Upon electronic receipt of the information from WIPO, CIPO will carry out substantive examination of design applications prior to granting registration in Canada. The substantive examination process will be the same whether the application is submitted through the Hague System or the national route. However, it should be noted that under the international route (Hague), application formalities will not be assessed by CIPO (they are instead assessed by the IB at WIPO).
Any grant of protection or refusal will be sent by CIPO to WIPO within 12 months, and the right holder will be informed of CIPO's decision. Any correspondence to overcome a refusal will take place directly between CIPO and the applicant. Any appeals will continue to take place through the regular national route.
You can find more information about how the Hague System works in WIPO's Hague guide.

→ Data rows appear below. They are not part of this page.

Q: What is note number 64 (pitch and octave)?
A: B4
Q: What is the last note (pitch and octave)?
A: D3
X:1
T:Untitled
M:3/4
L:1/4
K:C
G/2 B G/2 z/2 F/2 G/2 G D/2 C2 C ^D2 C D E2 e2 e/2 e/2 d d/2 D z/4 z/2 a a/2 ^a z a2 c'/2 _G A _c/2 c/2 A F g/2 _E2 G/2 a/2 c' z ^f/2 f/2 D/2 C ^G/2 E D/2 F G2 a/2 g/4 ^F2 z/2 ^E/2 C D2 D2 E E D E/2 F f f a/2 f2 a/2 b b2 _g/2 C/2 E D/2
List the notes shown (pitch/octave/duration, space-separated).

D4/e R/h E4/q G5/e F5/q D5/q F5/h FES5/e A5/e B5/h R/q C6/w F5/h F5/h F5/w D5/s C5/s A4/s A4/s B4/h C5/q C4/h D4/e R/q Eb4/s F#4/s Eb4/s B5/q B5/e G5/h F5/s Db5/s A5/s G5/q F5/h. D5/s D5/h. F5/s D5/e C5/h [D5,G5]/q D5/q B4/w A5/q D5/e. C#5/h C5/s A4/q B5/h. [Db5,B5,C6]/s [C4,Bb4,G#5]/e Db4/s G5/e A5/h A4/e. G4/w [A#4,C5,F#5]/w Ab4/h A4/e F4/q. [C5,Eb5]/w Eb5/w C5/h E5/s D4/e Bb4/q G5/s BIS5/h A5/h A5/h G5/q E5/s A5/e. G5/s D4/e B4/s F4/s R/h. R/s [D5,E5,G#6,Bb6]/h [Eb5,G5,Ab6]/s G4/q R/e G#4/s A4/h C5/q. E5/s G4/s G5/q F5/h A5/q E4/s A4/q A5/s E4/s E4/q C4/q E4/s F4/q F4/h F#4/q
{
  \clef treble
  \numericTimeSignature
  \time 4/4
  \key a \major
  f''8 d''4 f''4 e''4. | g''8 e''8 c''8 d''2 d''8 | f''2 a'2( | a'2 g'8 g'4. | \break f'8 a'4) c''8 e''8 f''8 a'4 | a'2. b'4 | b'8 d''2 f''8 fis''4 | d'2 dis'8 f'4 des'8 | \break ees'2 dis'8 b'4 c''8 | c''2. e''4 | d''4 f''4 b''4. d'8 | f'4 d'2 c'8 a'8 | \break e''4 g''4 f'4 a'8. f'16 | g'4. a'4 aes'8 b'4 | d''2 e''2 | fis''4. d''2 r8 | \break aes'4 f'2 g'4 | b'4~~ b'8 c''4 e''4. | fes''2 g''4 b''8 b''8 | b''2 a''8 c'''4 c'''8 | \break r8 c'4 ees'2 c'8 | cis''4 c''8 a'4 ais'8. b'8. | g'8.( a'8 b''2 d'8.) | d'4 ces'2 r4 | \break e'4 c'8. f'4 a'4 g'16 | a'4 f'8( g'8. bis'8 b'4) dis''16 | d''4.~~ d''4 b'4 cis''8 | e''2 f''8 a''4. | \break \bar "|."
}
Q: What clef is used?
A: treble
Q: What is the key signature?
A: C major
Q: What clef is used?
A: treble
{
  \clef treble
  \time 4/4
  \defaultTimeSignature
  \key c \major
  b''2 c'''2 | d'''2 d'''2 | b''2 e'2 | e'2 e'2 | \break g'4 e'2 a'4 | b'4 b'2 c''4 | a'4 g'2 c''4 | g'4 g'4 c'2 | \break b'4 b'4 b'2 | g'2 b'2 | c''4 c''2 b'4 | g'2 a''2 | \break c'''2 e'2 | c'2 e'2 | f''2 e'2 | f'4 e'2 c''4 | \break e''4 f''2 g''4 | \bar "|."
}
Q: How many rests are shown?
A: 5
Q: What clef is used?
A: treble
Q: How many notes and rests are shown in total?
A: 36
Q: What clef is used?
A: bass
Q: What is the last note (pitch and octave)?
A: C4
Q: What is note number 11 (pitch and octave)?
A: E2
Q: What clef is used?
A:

Q9. What if I want to file for design protection in Canada only?
A9. It will still be possible to register your design(s) solely in Canada through the usual national filing route at CIPO. The national option will be fully operational even when Canada accedes to the Hague System. The legislative and regulatory changes will apply to both national and international design filings as specified in those documents when they come into force. As such, the national application process will benefit from some of the same changes that will modernize and streamline CIPO's operations.
Q10. What are the next steps?
A10. The Canadian Intellectual Property Office is committed to working with stakeholders to ensure effective implementation of the Hague System in Canada. Over the coming months, CIPO will consult on the proposed related changes to the Industrial Design Regulations. Legislative and regulatory amendments will come into force once they are finalized and Canada is prepared to deposit instruments of accession to the Hague System to WIPO. CIPO will inform stakeholders in advance as we progress over the coming months.